- [Supplied entries]

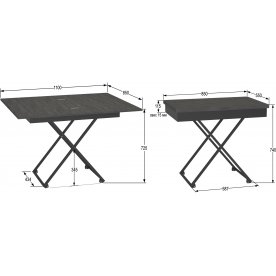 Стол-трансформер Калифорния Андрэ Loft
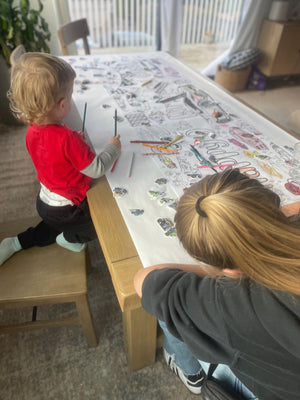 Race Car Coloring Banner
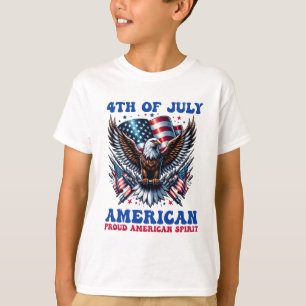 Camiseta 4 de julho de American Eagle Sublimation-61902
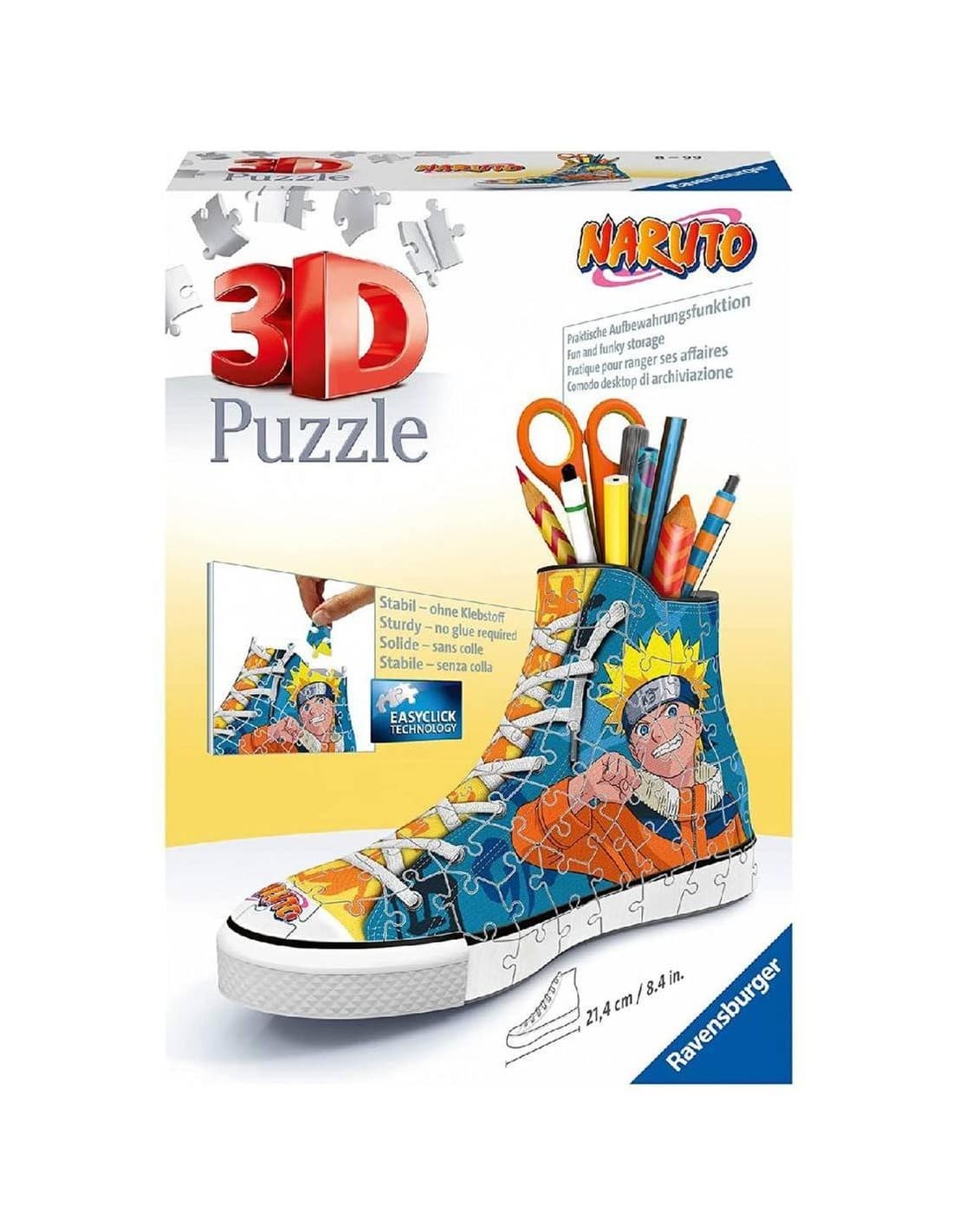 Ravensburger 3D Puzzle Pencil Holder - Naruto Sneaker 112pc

* * *

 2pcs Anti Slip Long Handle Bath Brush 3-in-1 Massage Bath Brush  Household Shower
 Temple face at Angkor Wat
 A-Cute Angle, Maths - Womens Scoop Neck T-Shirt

---

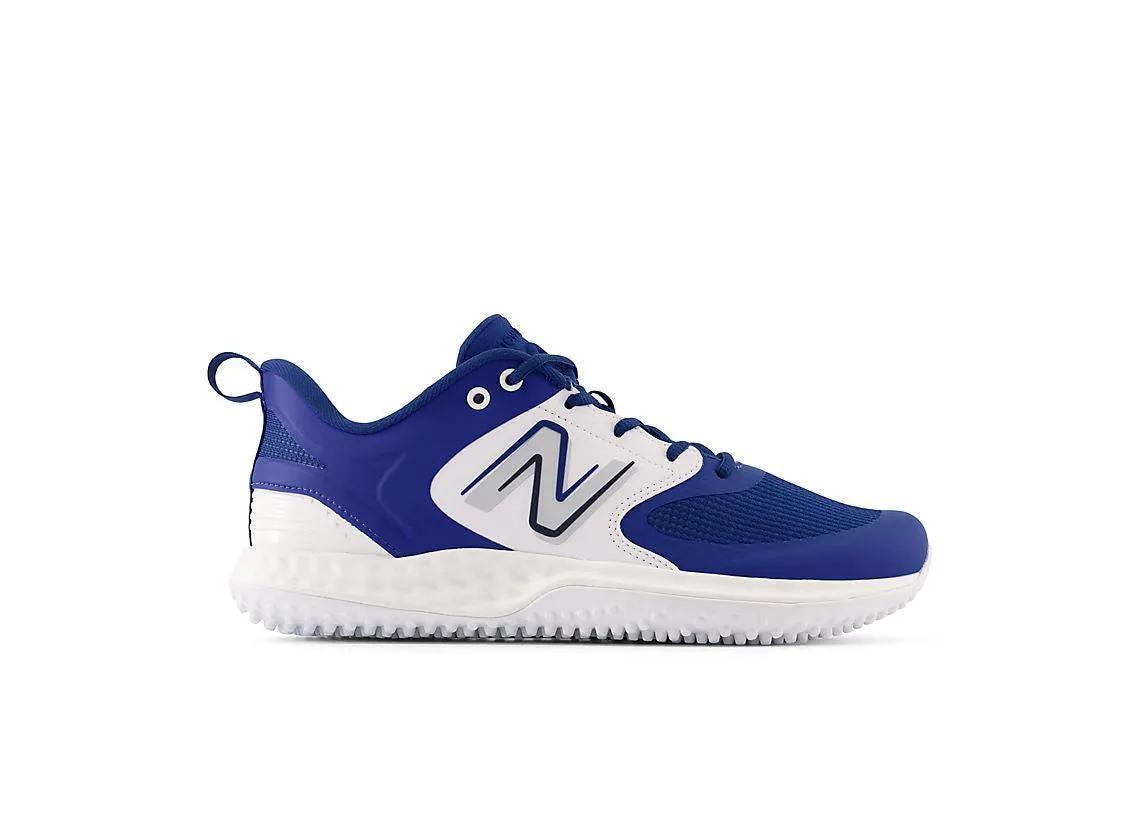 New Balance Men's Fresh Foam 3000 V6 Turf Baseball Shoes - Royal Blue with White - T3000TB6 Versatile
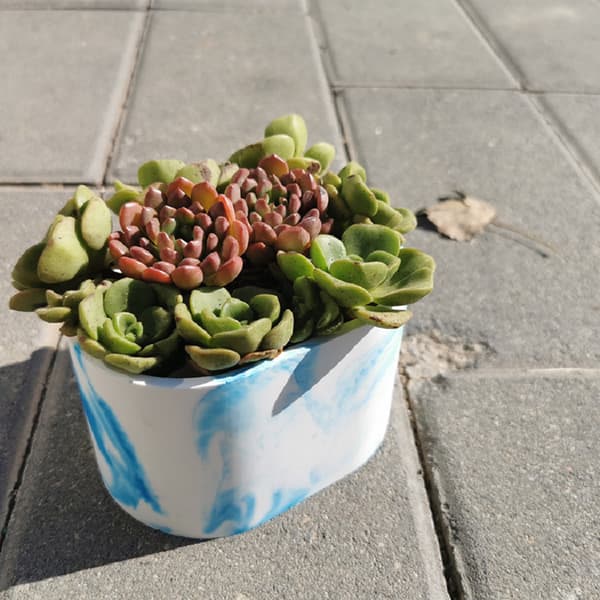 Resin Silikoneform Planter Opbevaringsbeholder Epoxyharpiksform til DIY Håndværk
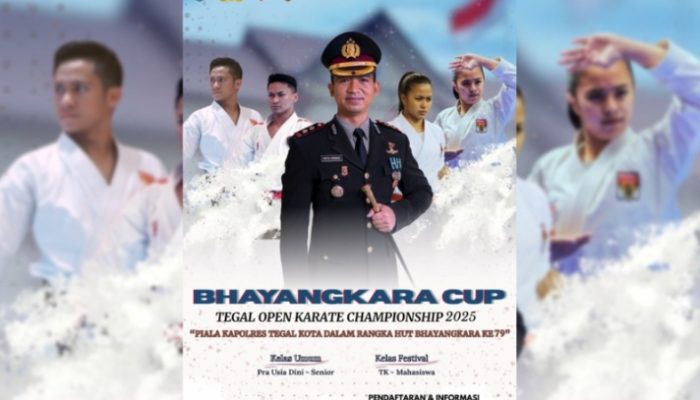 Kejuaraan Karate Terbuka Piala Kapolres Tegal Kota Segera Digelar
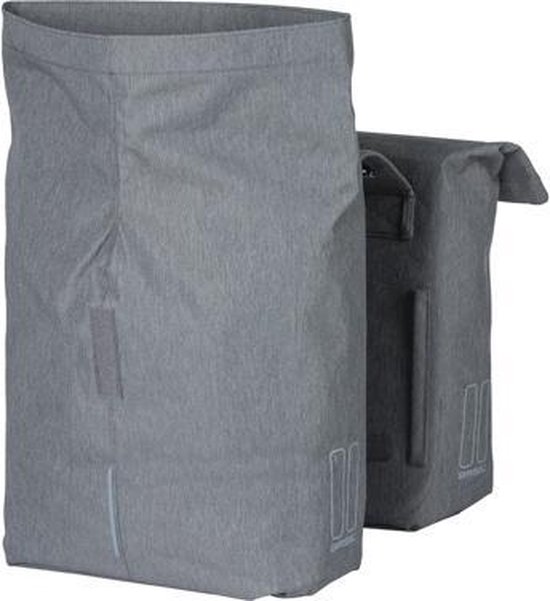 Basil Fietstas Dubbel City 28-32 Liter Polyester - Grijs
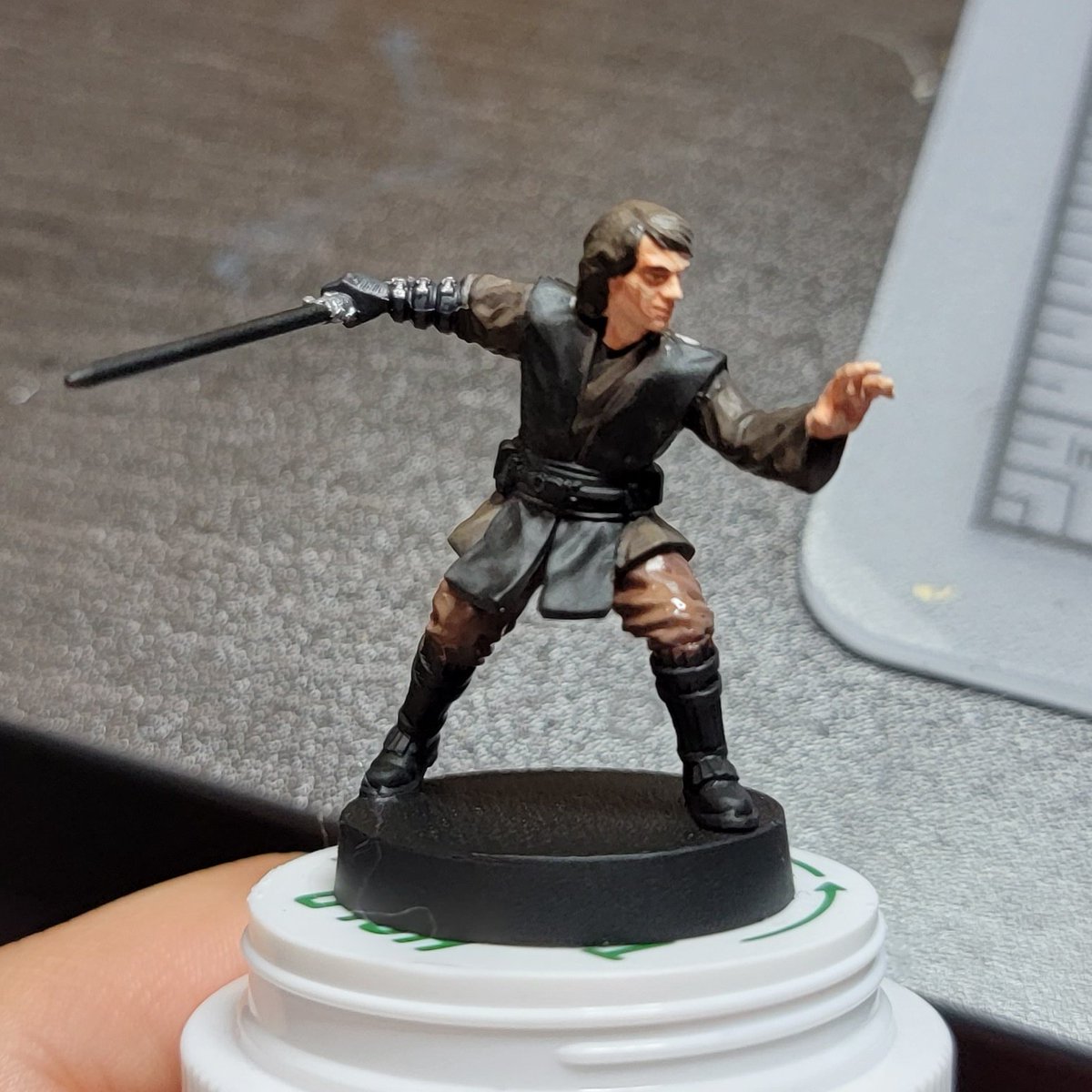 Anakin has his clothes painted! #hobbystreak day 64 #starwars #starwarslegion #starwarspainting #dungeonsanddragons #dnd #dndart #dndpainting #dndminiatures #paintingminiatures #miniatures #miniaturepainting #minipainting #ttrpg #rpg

- [Required action] Pictures excluded, reproduce only the part above that opens with the line holding "Race Car Coloring Banner" and closes with the line holding "Ravensburger 3D Puzzle", exactly as written.

- [Response to the task]
 Race Car Coloring Banner
 Camiseta 4 de julho de American Eagle Sublimation-61902
 Ravensburger 3D Puzzle Pencil Holder - Naruto Sneaker 112pc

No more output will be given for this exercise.